Hier sieht man den Tarnanstrich von der Seite im tiefen Vorbeiflug.Während eines Vereinsbastelabends erwähnte ein Modellfliegerkollege, dass er einen Storch bauen möchte. Nachdem ich ihm mitteilte, dass ich zu Hause einen Plan habe, war das Hallo groß. Danach wurde von 3 weiteren Modellfliegern beschlossen, dass jeder einen Storch baut. Der Plan wurde mitgebracht und nach einigem Hin- und Her, 3 Meter oder 2,4 Meter Spannweite, einigten wir uns auf eine Spannweite von ca. 2,4 Metern, welches einem Maßstab von 1:6 entspricht. Der Vogel sollte ja ohne Platzprobleme auch in einem normalen Pkw oder Kombi transportiert werden. Daher wurde der Plan in einem Maßstab 1:6 auf einem Großkopiergerät vergrößert. Gesagt getan, jetzt hielt ich die Großversion in Händen. Die Spannweite betrug jetzt 2385 mm. Aus dem Internet sammelte ich eifrig Detailoriginalbilder. Schwierigkeiten bereiteten m.E. das aufwändige Fahrwerk des Storchs. Mit dem Aufbau des Fahrwerks konnte ich allerdings mit der Ansicht der Bilder nicht viel anfangen. Ich ging weiter im Internet auf Forschungsreise mit dem Ergebnis, dass ich beim Flugplatz in Paderborn-Lippstadt fündig wurde.

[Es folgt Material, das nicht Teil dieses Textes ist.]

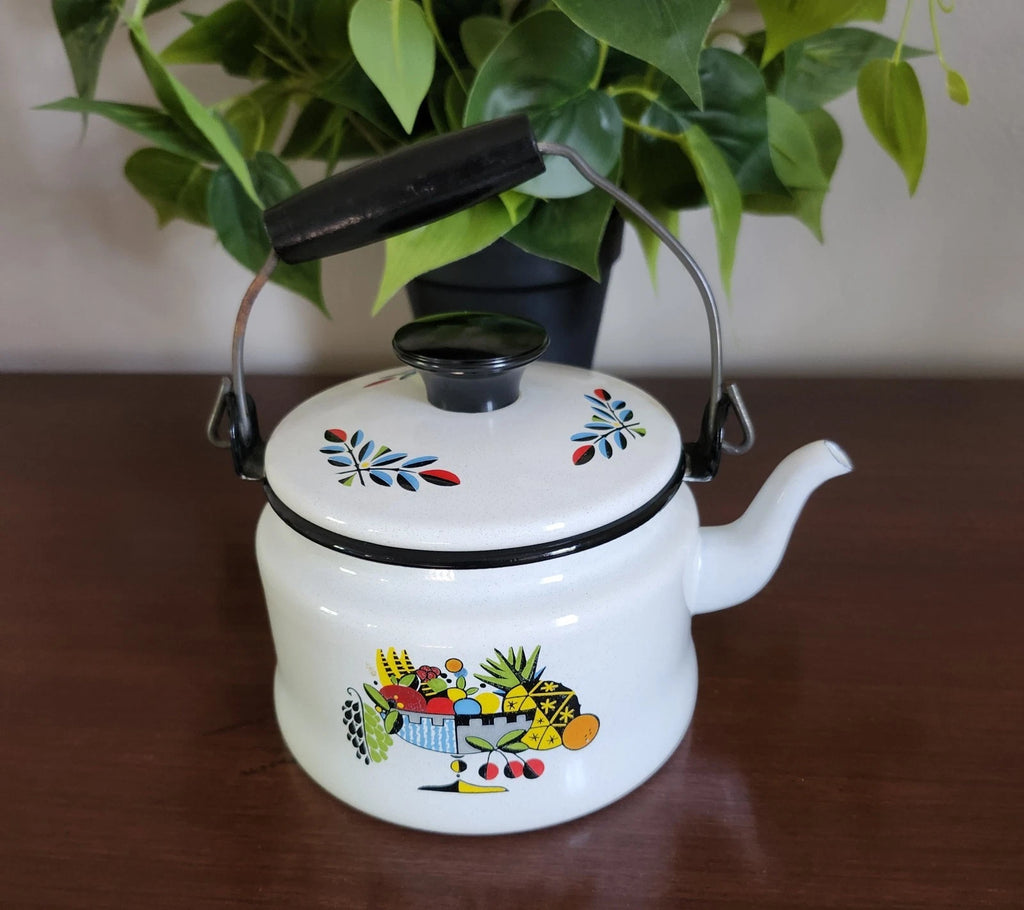 Vintage MCM Enamelware Tea Pot Fruit Design Teapot Tea Kettle | eBay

Dort sollte ein Original Fieseler Storch stehen. Per E-Mail schrieb ich den Flugplatz an, der mir dann den Namen und Wohnort des Besitzers mitteilte. Der Pilot wurde angerufen, der sich auch bereit erklärte mit mir zum Flugplatz, wegen erforderlichen Detailaufnahmen, zu fahren. Er verwies mich aber zuvor an das Luftfahrt-Archiv Hafner. Hier sollte man alle erforderlichen Details bekommen. Nach telefonischer Rücksprache mit dem Archiv bestellte ich mir eine CD vollgepackt mit Originalunterlagen des Fi 156 Storch aus den 30er Jahren. Weitere Aufnahmen mit dem Fotoapparat erübrigten sich daher zunächst auf dem Flugplatz Paderborn. Nach den Detailzeichnungen wurden dann im September 2007 vom Vereinsmitglied Ulli Flühs (Windenbau) zuerst die Fahrwerksfederbeingelenke auf seiner Drehbank angefertigt. Der vergrößerte Bauplan wurde nach den Originalunterlagen von der CD entsprechend modifiziert.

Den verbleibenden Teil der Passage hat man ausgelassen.